Complex networks describe the interactions between a vast number of components and are the foundation of many natural, societal, and technological phenomena.¹ At the molecular level, interactions take place in networks based on DNA, proteins, or metabolites.² The discovery of recurrent patterns in biochemical networks (i.e., network motifs),³ in particular, has sparked chemists to translate theoretical design principles that use feedback loops^4,5 into practical molecular methods that enable the synthesis of out-of-equilibrium chemical reaction networks (CRNs).^6,7 Despite significant progress, expanding the complexity in CRNs in a modular, theory-based way remains scarce.⁸

One of the main difficulties in the synthesis of CRNs resides in the requirement of the integral approach, involving organic synthesis and mathematical modelling.⁹ Advances in systems chemistry—a subdiscipline at the interface of systems biology and supramolecular chemistry⁸—demonstrate that CRNs can be experimentally designed, rationalizing behaviour ubiquitous for living systems e.g., bistability,^10–12 oscillations,^13,14 and other transient behaviours.^15–17 In all examples, mass-action models¹⁸ are used to support and validate their observed dynamics, demonstrating the need for mathematical modelling to guide the design of CRNs.¹⁹ Experimentally-designed CRNs (or, more generally, CRNs designed artificially by chemists), however, cannot always be accurately modelled using mass-action kinetics due to complexity of the reaction mechanisms involved as well as limitations in the determination of rate constants thereof.²⁰ The experimental framework for CRNs with more complex behaviour^21–23 is gaining ground rapidly, and novel approaches that can capture their dynamics are needed.

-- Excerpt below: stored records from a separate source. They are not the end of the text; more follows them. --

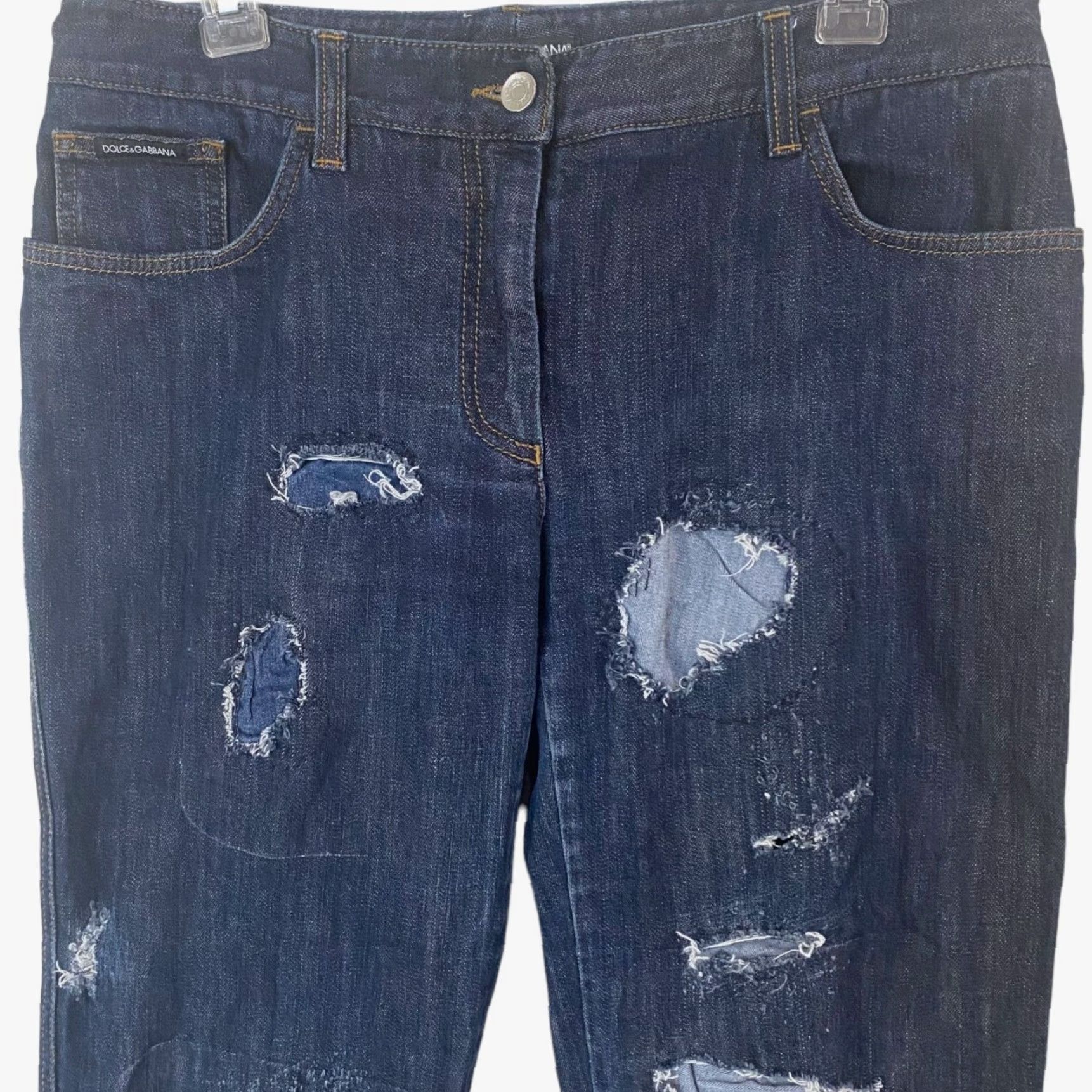 Dolce & Gabbana Dolce & Gabbana Jeans Women Size 10 Blue Crop Straight-Leg Denim Raw-Hem Mid Rise Distressed Womens Size 32" / US 10 / IT 46 - 5 Thumbnail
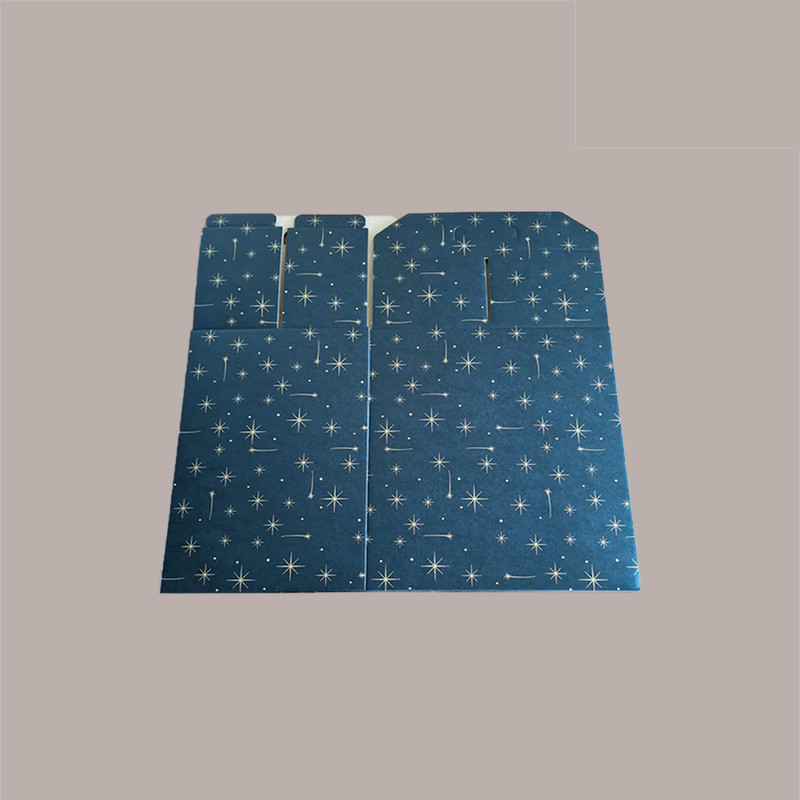 Scatola per Confezione Regalo Natale Porta Panettone Bottiglia Valigetta Piccola Cartoncino Nero grafica Stelle Oro 2 [55b33e5a]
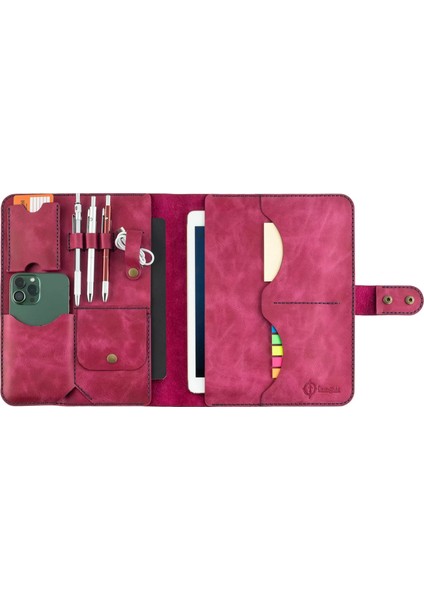 Isme Özel Çıtçıtlı Fonksiyonlu iPad Organizer - %100 Rainbow Deri - ET01002 - Fuşya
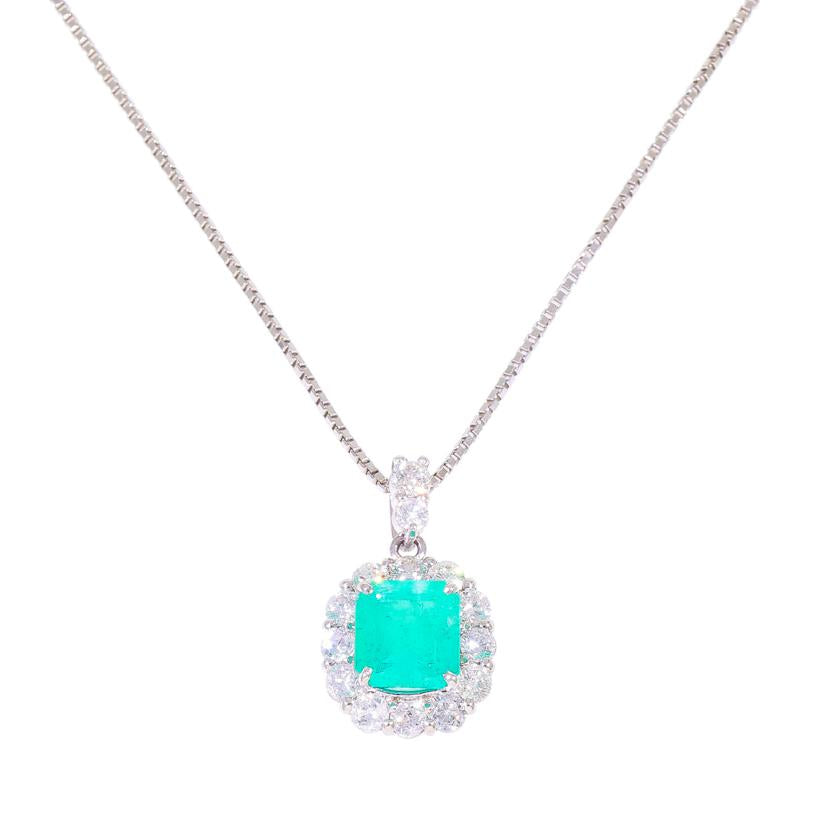 /◎PT950/850エメラルドダイヤネックレス1.50/D0.89ct//ABランク/59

Alternatively, mass-action models can be represented by a bipartite graph with nodes representing chemical species and reactions. The mathematical foundation for so-called species–reaction graphs was introduced in the early 1970’s,²⁴ and gained significant attention after Feinberg demonstrated that abstract graph theory can be applied to study interconnected chemical reactions.^25,26 Bipartite graphs are commonly applied to represent CRNs,^27,28 or to detect the lowest-energy paths in molecular transformations (wherein reaction mechanisms are treated as CRNs).^29–31 In all examples, paths are used as network properties. Other network statistics (such as centrality, clustering and motifs) have been used to analyse CRNs that are large. In this context, biochemical networks^32–34 and combustion networks³⁵ are similar because they both comprise many intermediates, each with numerous reaction paths. When analysing network statistics, random graphs can provide a benchmark to filter out effects that are created by randomness. Overall, mathematical properties of the solutions of mass-action systems are strongly related to key properties of the CRNs that generate them, including their feedback interactions.³⁶

Despite the advances in CRN theory, analyses of species–reaction graphs that are sufficiently informative to guide the design of CRNs for the synthesis-oriented chemist are scarce. An important distinction between the out-of-equilibrium reaction networks of interest to the systems chemist^8–17 and the aforementioned networks, wherein reaction mechanisms are treated as CRNs,^27–31,35 is that the first type of CRNs use intermediates that are stable and separable compounds whereas the second type of CRNs use intermediates that are short lived and cannot be separated as individual compounds. That is, while theory can take the perspective that thousands of reactions can be treated as similar, in practice, each class of reactions can have its own chemical rules.^37,38 We need new methods to represent, collect and extract information to predict structures and functions of CRNs that are synthetically feasible. This is a non-trivial task as the design of CRNs requires expertise in chemical synthesis and graph analysis to create a foundation that takes into account the chemical and mathematical perspectives on how reactions become networks.

In this work, we show that we can combine the temporal dynamics of the CRN with the information provided by the graph to analyse the temporal behaviour of the network statistics. We developed a method that integrates the representation of CRNs as graphs with the application of network measures to model experimentally-designed CRNs (Fig. 1). Briefly, any chemical system can be described by a set of elementary reactions but to create insights into the system, chemists typically use conceptual models to visualize the interactions as positive and a negative feedback loops (Fig. 1, left panel). To illustrate, ESI, Fig. S1† shows a previously developed enzymatically-driven CRN for which a mass-action model was developed.¹³ Building on this foundation, we designed a procedure (illustrated in Fig. 1 as steps I–IV) that could translate the reactions in this model into a species–species network comprising of nodes and edges. This procedure not only allows for an explicit illustration of the relationships among the nodes, but also for the application of network measures commonly employed in network science. We show that measures for clustering and centrality could reveal the underlying network statistics important for the temporal existence of feedback loops. To the best of our knowledge, this is the first work that combines random graph theory with dynamics of out-of-equilibrium reaction networks.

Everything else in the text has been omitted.